- STORED DATA
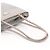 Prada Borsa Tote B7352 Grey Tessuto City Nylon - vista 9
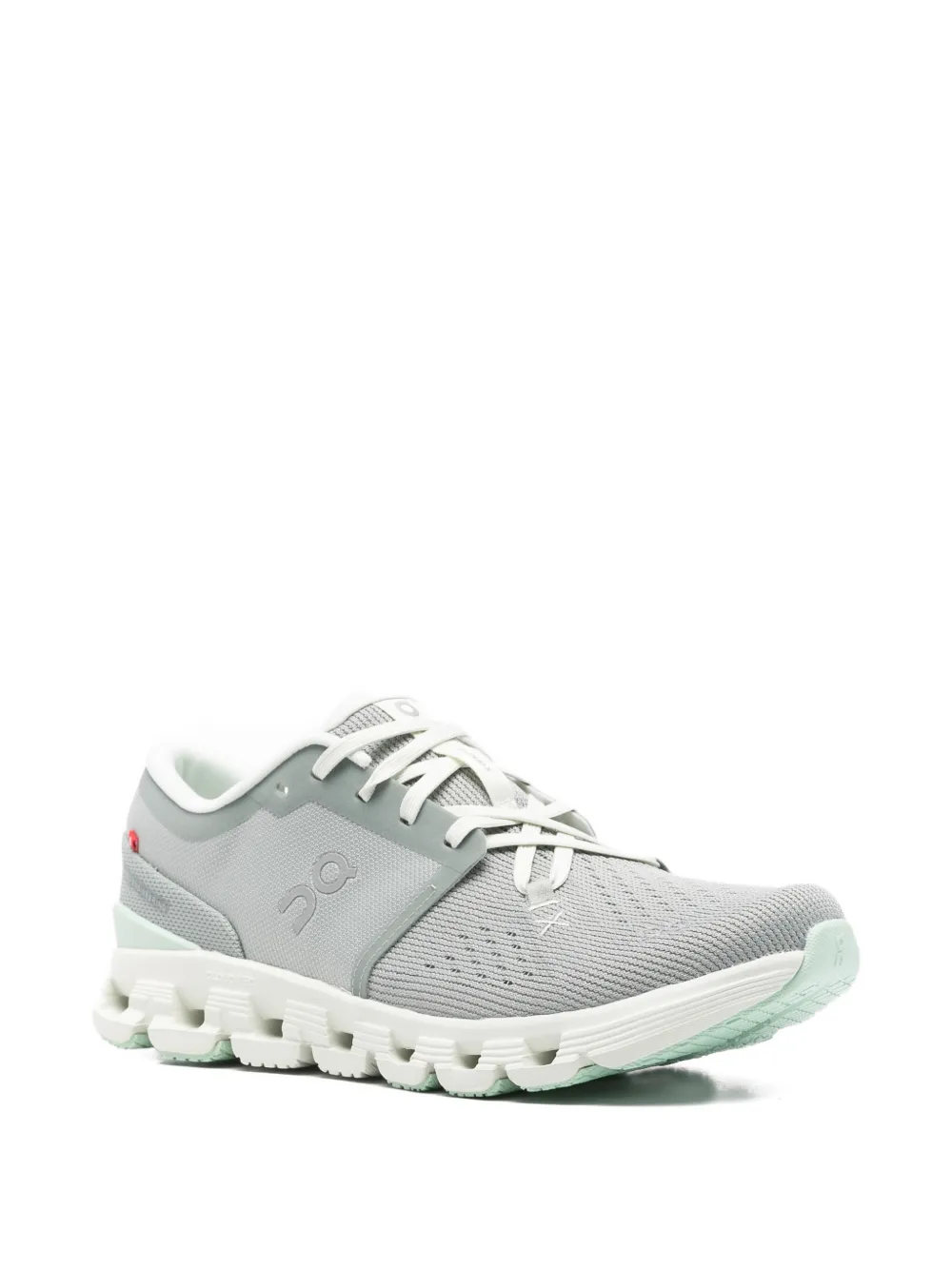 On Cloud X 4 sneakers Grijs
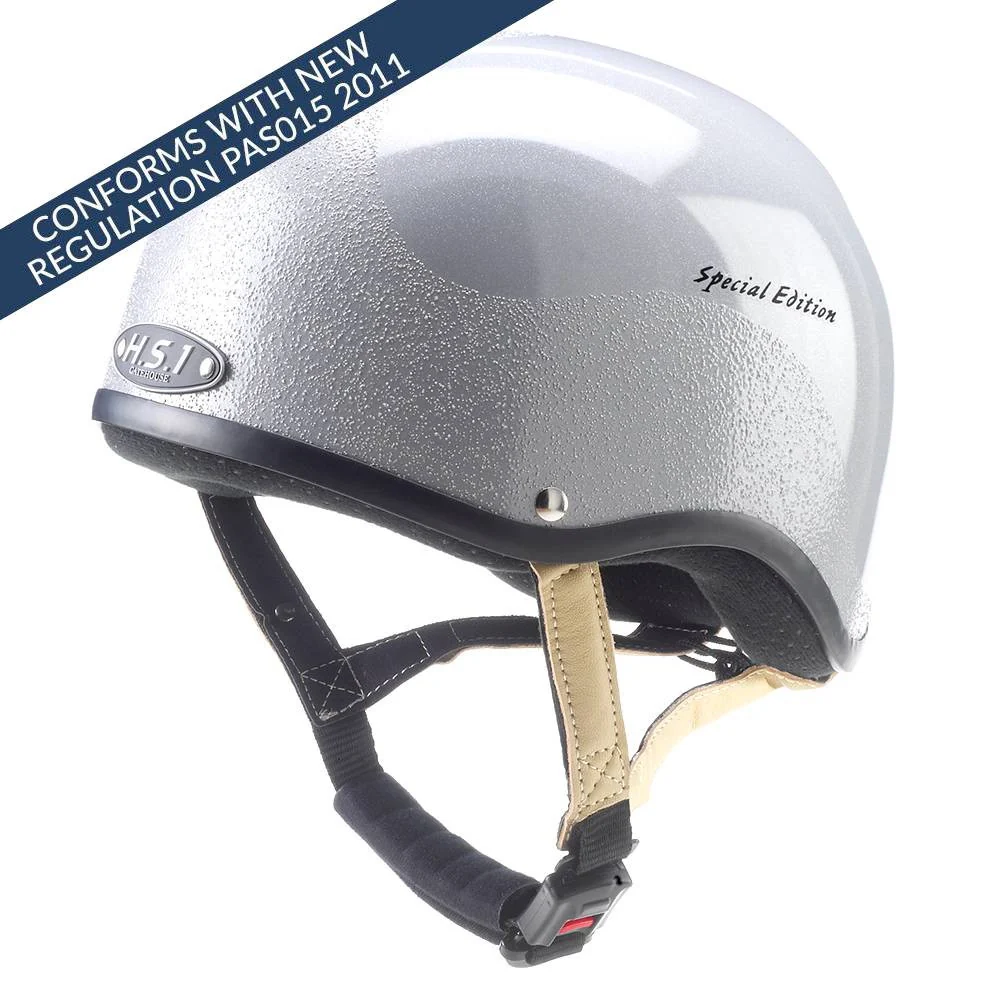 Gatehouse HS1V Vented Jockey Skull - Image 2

- WORK TASK
Once the pictures are set aside, the remaining data must be transcribed exactly.

- EXERCISE RESULT
 Prada Borsa Tote B7352 Grey Tessuto City Nylon - vista 9
 On Cloud X 4 sneakers Grijs
 Gatehouse HS1V Vented Jockey Skull - Image 2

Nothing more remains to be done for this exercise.